» **Excerpted data**
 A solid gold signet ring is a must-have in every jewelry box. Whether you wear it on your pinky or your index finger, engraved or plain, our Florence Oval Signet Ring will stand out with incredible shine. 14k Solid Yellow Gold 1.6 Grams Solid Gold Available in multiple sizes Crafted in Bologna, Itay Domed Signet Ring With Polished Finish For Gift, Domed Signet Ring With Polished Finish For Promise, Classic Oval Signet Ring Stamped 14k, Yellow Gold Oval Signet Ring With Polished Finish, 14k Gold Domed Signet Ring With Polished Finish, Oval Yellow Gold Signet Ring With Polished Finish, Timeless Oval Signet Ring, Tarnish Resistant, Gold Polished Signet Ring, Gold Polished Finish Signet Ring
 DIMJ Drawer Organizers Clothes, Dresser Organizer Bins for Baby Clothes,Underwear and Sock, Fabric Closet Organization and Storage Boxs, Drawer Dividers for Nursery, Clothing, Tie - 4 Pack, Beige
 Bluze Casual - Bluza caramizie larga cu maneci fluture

* * *

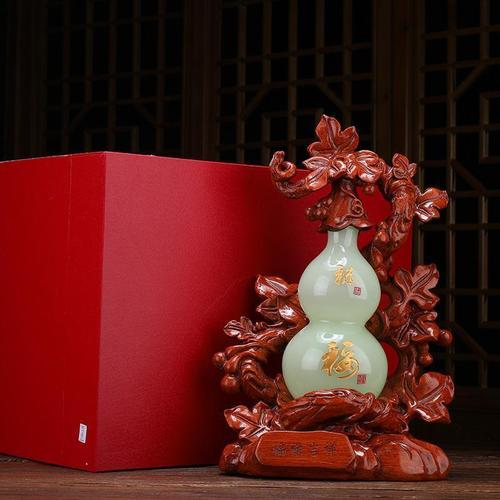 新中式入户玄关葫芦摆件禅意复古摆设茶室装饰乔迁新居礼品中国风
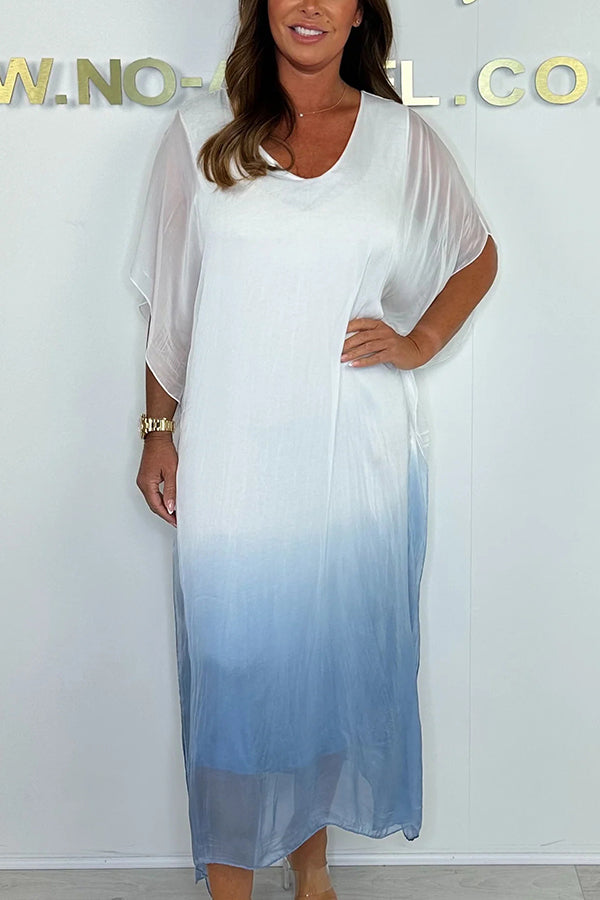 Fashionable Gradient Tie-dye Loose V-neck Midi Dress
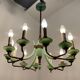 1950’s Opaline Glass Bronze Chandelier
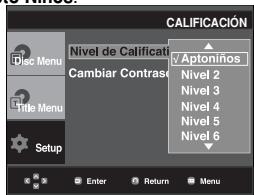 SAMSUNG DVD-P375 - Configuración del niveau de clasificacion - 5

==

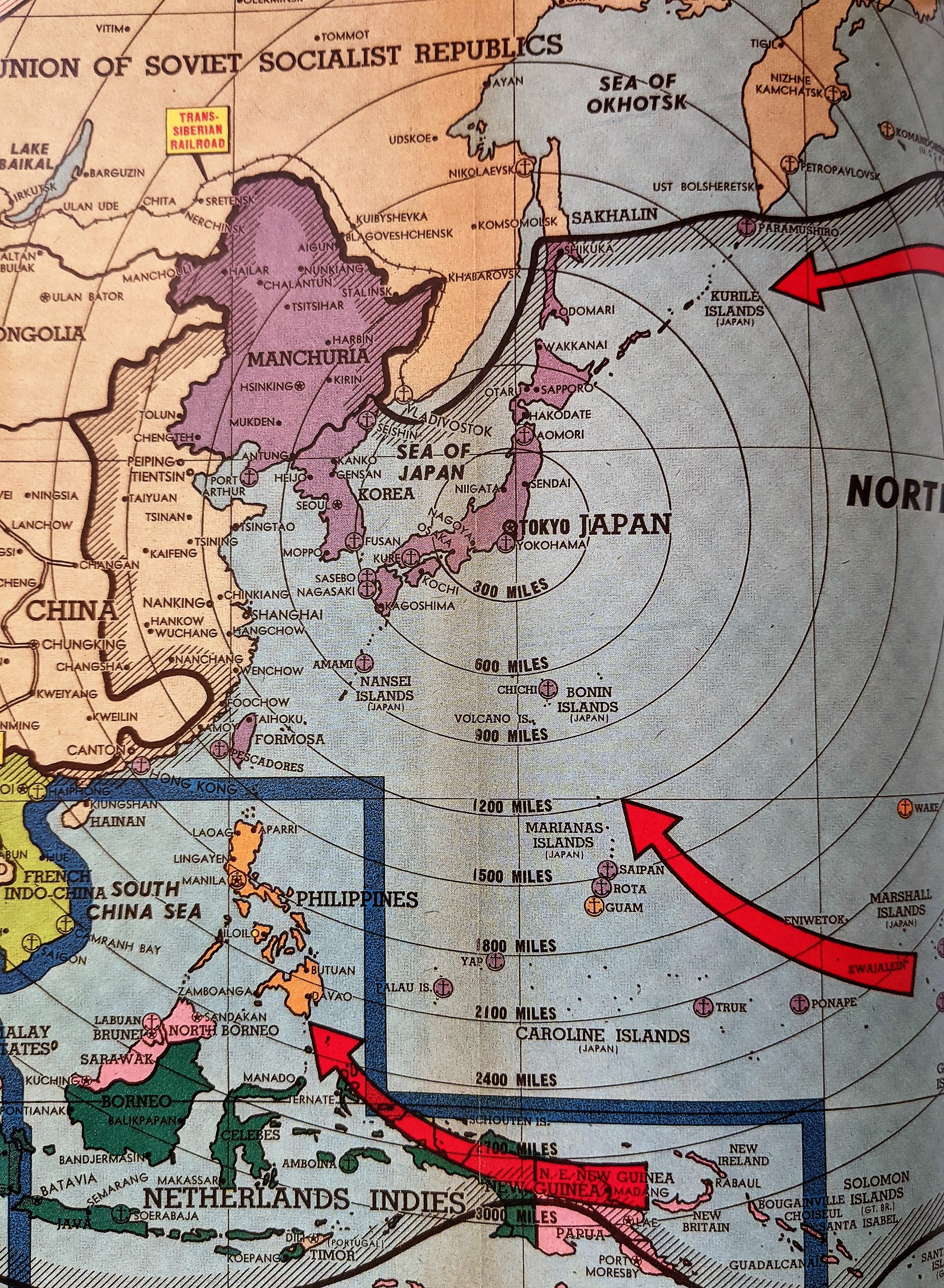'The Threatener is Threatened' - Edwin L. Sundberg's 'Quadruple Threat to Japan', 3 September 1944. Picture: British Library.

» **Work order**
Your task is to restate, word for word, only those lines above that fall between the line holding "A solid gold" and the line holding "DIMJ Drawer Organizers", inclusive.

» **Expected output**
 A solid gold signet ring is a must-have in every jewelry box. Whether you wear it on your pinky or your index finger, engraved or plain, our Florence Oval Signet Ring will stand out with incredible shine. 14k Solid Yellow Gold 1.6 Grams Solid Gold Available in multiple sizes Crafted in Bologna, Itay Domed Signet Ring With Polished Finish For Gift, Domed Signet Ring With Polished Finish For Promise, Classic Oval Signet Ring Stamped 14k, Yellow Gold Oval Signet Ring With Polished Finish, 14k Gold Domed Signet Ring With Polished Finish, Oval Yellow Gold Signet Ring With Polished Finish, Timeless Oval Signet Ring, Tarnish Resistant, Gold Polished Signet Ring, Gold Polished Finish Signet Ring
 DIMJ Drawer Organizers Clothes, Dresser Organizer Bins for Baby Clothes,Underwear and Sock, Fabric Closet Organization and Storage Boxs, Drawer Dividers for Nursery, Clothing, Tie - 4 Pack, Beige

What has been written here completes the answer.